BEIJING - China is facing mounting international pressure to halt the violence in Tibet even as Tibetan protests against Chinese rule spread to other regions.
China admitted police in Sichuan province wounded four demonstrators in self-defense. It had maintained its security forces had been restrained in the use of lethal force.
U.S. Secretary of State Condoleezza Rice urged Chinese Foreign Minister Yang Jiechi to resume dialogue with Tibetan spiritual leader the Dalai Lama, who lives in self-imposed exile in India, The New York Times reported.
British Prime Minister Gordon Brown made a similar plea.
The Times reported a group of Nobel laureates condemned the violence against the protesters and asked China to halt its "unwarranted campaign" against the Dalai Lama, a fellow Nobel Peace laureate.

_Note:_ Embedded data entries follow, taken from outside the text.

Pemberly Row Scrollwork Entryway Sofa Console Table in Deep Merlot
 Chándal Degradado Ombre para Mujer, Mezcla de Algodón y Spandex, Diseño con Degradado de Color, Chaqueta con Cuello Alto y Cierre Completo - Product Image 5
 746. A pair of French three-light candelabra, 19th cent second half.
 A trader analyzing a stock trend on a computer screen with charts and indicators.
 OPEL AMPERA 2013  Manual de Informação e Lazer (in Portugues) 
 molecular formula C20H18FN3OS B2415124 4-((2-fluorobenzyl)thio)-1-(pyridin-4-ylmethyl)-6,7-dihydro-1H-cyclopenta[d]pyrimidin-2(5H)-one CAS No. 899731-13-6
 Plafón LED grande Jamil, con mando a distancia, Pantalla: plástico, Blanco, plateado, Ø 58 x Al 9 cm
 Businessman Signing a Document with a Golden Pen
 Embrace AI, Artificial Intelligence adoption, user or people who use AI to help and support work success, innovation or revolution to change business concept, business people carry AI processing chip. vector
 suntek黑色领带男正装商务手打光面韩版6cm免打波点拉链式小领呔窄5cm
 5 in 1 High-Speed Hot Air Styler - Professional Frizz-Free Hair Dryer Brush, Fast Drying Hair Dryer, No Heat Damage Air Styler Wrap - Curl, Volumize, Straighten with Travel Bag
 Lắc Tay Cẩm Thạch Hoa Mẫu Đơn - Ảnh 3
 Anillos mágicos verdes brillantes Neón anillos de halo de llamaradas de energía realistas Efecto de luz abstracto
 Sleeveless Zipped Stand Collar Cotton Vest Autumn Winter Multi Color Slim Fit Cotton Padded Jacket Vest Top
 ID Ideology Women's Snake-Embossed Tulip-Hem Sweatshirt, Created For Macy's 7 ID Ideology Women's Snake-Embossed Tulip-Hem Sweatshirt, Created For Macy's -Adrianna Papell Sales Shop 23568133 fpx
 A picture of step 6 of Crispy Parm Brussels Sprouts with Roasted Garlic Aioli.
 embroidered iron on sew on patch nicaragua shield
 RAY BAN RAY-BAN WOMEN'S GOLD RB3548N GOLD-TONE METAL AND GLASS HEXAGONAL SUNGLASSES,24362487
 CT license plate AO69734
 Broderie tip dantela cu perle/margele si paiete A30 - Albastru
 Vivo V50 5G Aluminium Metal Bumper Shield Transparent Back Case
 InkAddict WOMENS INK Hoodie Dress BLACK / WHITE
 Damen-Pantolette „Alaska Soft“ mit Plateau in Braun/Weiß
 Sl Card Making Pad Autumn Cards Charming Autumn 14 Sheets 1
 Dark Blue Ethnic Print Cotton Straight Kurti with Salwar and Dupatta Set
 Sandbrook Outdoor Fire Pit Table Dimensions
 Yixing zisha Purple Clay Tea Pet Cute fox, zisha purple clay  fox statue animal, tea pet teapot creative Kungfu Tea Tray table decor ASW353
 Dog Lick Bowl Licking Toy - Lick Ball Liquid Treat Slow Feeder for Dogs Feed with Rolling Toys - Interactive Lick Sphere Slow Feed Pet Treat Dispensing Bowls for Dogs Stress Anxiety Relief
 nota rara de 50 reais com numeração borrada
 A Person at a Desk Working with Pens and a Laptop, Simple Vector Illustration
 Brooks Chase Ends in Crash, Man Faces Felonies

The Dalai Lama has said he is willing to go to Beijing to meet with Chinese leaders including President Hu Jintao if China is ready for a Tibet dialogue, other reports said.
However, a Chinese Foreign Ministry spokesman repeated earlier stand that the Dalai Lama must first give up his stance for Tibet independence and stop separatist activities, Xinhua reported.
Other reports said the Dalai Lama's "middle path" is also coming under attack from younger Tibetans who feel the strategy hasn't worked in achieving their goal of Tibetan independence.